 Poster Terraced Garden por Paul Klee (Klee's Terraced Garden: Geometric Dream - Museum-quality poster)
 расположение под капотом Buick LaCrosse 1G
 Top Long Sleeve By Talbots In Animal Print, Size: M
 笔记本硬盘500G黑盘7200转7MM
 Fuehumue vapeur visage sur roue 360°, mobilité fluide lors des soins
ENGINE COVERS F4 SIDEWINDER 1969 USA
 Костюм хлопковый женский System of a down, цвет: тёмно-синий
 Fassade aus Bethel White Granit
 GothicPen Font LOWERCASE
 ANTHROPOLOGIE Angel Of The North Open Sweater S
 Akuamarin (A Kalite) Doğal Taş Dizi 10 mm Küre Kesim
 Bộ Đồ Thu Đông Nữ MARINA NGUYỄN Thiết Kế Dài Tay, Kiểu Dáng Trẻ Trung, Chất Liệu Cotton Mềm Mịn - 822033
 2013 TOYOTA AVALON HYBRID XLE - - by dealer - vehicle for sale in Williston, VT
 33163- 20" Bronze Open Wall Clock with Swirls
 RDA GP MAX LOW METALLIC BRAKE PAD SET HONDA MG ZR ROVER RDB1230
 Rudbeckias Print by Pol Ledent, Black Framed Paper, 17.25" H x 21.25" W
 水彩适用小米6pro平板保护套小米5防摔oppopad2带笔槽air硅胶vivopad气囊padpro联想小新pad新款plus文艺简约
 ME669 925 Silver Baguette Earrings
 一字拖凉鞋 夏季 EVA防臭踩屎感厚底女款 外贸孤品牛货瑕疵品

▶ **WORK ORDER**: An exact copy of every entry above is the expected answer.

▶ **EXERCISE SOLUTION**:
 Poster Terraced Garden por Paul Klee (Klee's Terraced Garden: Geometric Dream - Museum-quality poster)
 расположение под капотом Buick LaCrosse 1G
 Top Long Sleeve By Talbots In Animal Print, Size: M
 笔记本硬盘500G黑盘7200转7MM
 Fuehumue vapeur visage sur roue 360°, mobilité fluide lors des soins
ENGINE COVERS F4 SIDEWINDER 1969 USA
 Костюм хлопковый женский System of a down, цвет: тёмно-синий
 Fassade aus Bethel White Granit
 GothicPen Font LOWERCASE
 ANTHROPOLOGIE Angel Of The North Open Sweater S
 Akuamarin (A Kalite) Doğal Taş Dizi 10 mm Küre Kesim
 Bộ Đồ Thu Đông Nữ MARINA NGUYỄN Thiết Kế Dài Tay, Kiểu Dáng Trẻ Trung, Chất Liệu Cotton Mềm Mịn - 822033
 2013 TOYOTA AVALON HYBRID XLE - - by dealer - vehicle for sale in Williston, VT
 33163- 20" Bronze Open Wall Clock with Swirls
 RDA GP MAX LOW METALLIC BRAKE PAD SET HONDA MG ZR ROVER RDB1230
 Rudbeckias Print by Pol Ledent, Black Framed Paper, 17.25" H x 21.25" W
 水彩适用小米6pro平板保护套小米5防摔oppopad2带笔槽air硅胶vivopad气囊padpro联想小新pad新款plus文艺简约
 ME669 925 Silver Baguette Earrings
 一字拖凉鞋 夏季 EVA防臭踩屎感厚底女款 外贸孤品牛货瑕疵品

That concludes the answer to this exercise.